Now we finally pass acid2, we've improved performance, and fixed a lot of bugs. Yay!

Also, we can now make major reflow changes again without fear of making David's life miserable with difficult merges to the reflow branch.

Update Just to clarify --- the reflow branch landed after we branched for 1.9 alpha 1 (this was intentional!), so 1.9 alpha 1 does not have the reflow branch and does not pass acid2. You'll have to get a nightly build or wait for 1.9 alpha 2 to come out.



Wednesday, 6 December 2006

XUL Dark Matter

I had lunch with some of my old friends yesterday, as I often do (one of the great things about being back in Auckland!) and one of them told me about his latest consulting job, involving a project using XUL to build a very large intranet application.

This isn't the first time I've heard about such things, but this is definitely closer to home than before. If a random company in Auckland is working on a big XUL intranet app, then how many other such projects might there be? One might guess hundreds or even thousands. This is rather disconcerting for several reasons. These projects have no visibility in Bugzilla --- why aren't they filing bugs? We don't really know anything about these projects: how many there are, what features they use, how we're hurting or helping them. Gecko development is totally ignorant of their needs. But how can we find out since these intranet apps by design never become visible to the public?

Maybe it's a good thing in some ways to not be giving much attention to these apps. It means we can focus more on Firefox which is more in line with Mozilla's mission of driving the Web forward. And we certainly haven't promised much to XUL app developers. Still, it sucks to cause pain for people, and if there are thousands of XUL apps below the waterline and we could support them better in simple ways, I want to.

For one thing, our Q&A for XUL is basically "do Firefox and Thunderbird still work?" This sounds inadequate now that it seems likely that Firefox and Thunderbird are less than 1% of the XUL apps out there. If we had a lot of unit tests for XUL that would give us some more confidence that we're not breaking things ... or at least that if we are breaking things, we do so deliberately.

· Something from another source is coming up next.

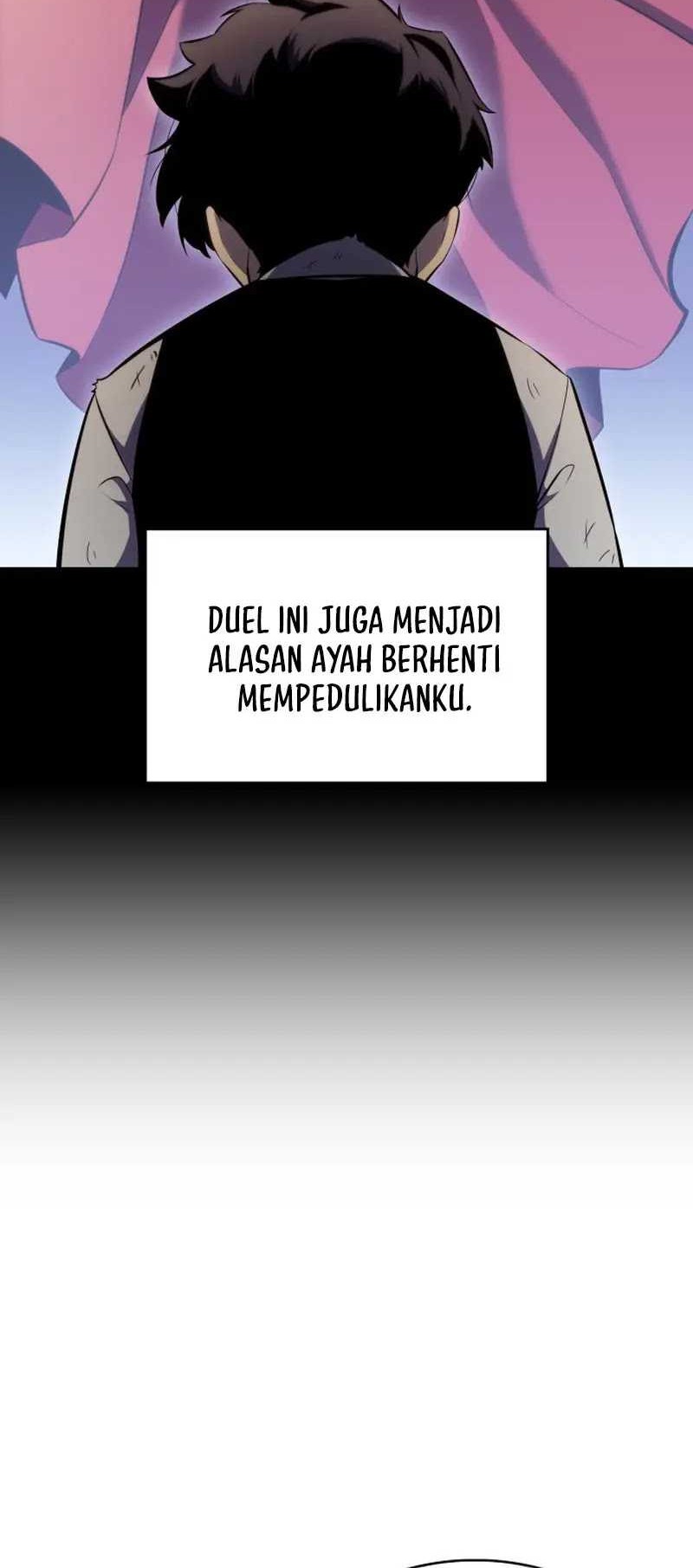 The Regressed Son Of A Duke Is An Assassin Chapter 1 - halaman 89
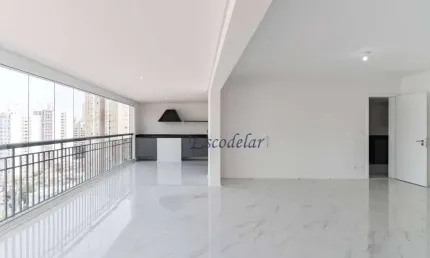 Apartamento à venda, 246 m² por r$ 4.948.000,00 - vila mariana - são paulo/sp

The other thing we should do is think about how to harness the power of this community that probably is quite large and influential ... even if we can barely detect it.



Linux

Mike Connor has blogged about the Linux policy discussion we had during the summit and the conclusions we reached. I don't have much to add. Because Mozilla release schedules and distribution release schedules often aren't aligned, distributions are often adding features and non-security fixes to their branch builds. It will be very helpful to be able to share those changes between distributions via Mozilla CVS.

We are going to have to deal with situations where one set of distributions wants only security fixes on a branch and other distributions want to ship features off that branch. I'm not quite sure how that's going to work yet.



NetworkManager, dbus and Offline Status

I've finally checked in support for offline status detection on Linux. We hook into dbus to listen for signals from NetworkManager saying that it has gone offline or gone online. I originally did this work about a year ago but it's taken ... a while ... to get reviewed. After I wrote the infrastructure the Windows support actually got written and landed while I was waiting for review on the Linux bits, so Windows has had this on trunk for a while and it even landed in FF2.

Anyway, now if your network link goes down, FF will automatically switch to offline mode and if the link comes back, FF will switch to online mode. If you manually change the "Work Offline" state then FF will stop switching automatically for the duration of your FF session.

Other Xulrunner apps can take advantage of this too. By default the IOService will watch for network link status changes and automatically toggle its online/offline state. But if an application wants to do things differently, it can tell the IOService to stop the automatic tracking. Then the application can listen for network link status changes via nsIObserver and modify IOService's online/offline status as desired.

We still want Mac support. Also, if you happen to be using a Linux distribution without dbus or without NetworkManager, the build will still work, you just won't get the automation.